Oggi, in campagna elettorale, c’è chi fa finta di dimenticarlo e siccome questo va per quello, le incompiute, i ritardi, tunnel compreso, sono da addebitare alle imprese che si sono aggiudicate quei lavori. Fatte salve le circostanze pregresse di imprese fallite e di contenziosi esplosi, se il tratto finale, oggi di fatto finito e collaudato, ha richiesto più tempo di quel che era stato programmato, lo si deve alla approssimazione, recente e meno recente, con la quale le amministrazioni succedutesi in Piazza del Popolo hanno proceduto intestandosi non poche responsabilità.

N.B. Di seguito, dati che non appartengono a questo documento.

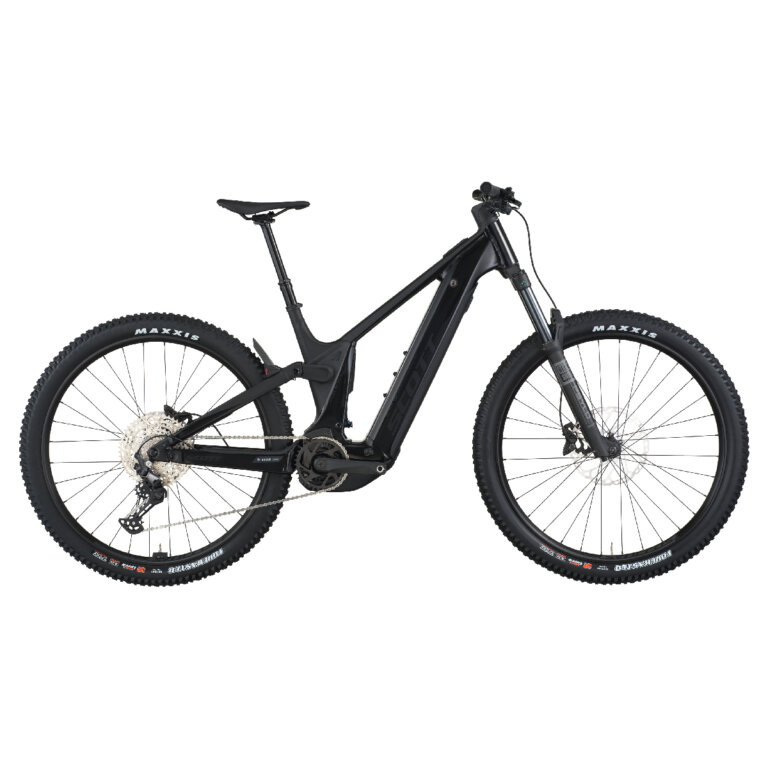 Električno gorsko kolo SCOTT PATRON 930 čr 2026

Con quale faccia si scaricano su altri colpe e responsabilità? Non c’è una sola circostanza in cui i lavori si sono fermati e sono poi ripresi per una volontà dipendente dall’impresa. Ogni volta che i lavori si sono fermati, questo è dipeso dalle responsabilità ricadenti sul committente, cioè sugli amministratori del comune di Avellino, recenti e meno recenti. Tanto che persistono contenziosi ancora in corso da parte delle imprese che propongono azioni di risarcimento in danno nei confronti del comune di Avellino. Questa è la storia che consegnano le carte. Il resto è gratuita propaganda.